Only former kicker Jason Hanson (327) has appeared in more games for the Lions than Muhlbach — who was a three-time team captain (2018, 2019, 2020).
Immediately after Campbell’s announcement, the team tweeted out a graphic from its official account, honoring Muhlbach for his many years with the caption “Thank you, Don.”
260 career games
Thank you, Don pic.twitter.com/E2FGjdQ6sE
— Detroit Lions (@Lions) August 17, 2021
Lions owner Sheila Ford Hamp said that the organization is “proud to call him a Lion for life.”
“Don Muhlbach will go down as one of the all-time Detroit Lions greats. Since joining our team as a free agent in 2004, to earning the respect of his teammates as a team captain, he has represented our organization with class, consistency and true sportsmanship,” Ford Hamp said in the statement.

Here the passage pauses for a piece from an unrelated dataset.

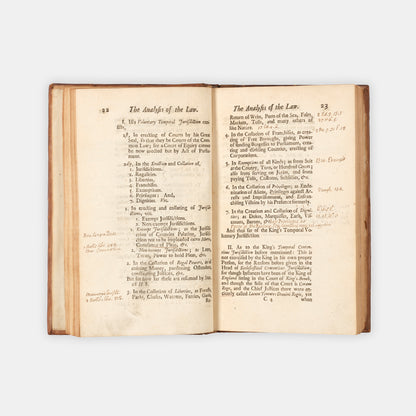 The first edition of Sir Matthew Hale's posthumously published Analysis of the Law, with extensive manuscript annotations by the barrister Maurice Johnson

He signed with the Lions in 2004 and never looked back, also becoming the first player in franchise history to appear in all 160 games in a given decade (2010 to 2019) since the schedule expanded to 16 games in 1978. Throughout his career, he snapped for 15 game-winning field goals in addition to five game-winning extra points despite entering the league as an undrafted rookie free agent with the Baltimore Ravens in 2004 before signing with Detroit.
However, the Lions are headed in a new direction with a new regime in place.
“I really think that just the best way to put it is it was time. It’s time,” Campbell said of Muhlbach. “Look, I told those guys out there, as weird as this may sound, this doesn’t mean that he was beaten out. (Scott) Daly’s here and he’s still gotta compete for a job and he knows that, as does everybody else on this roster, but it just was time. Shoot, man, I wish him the best — he and his family — and he’s a stud. I hate that we had to be the ones to do this.”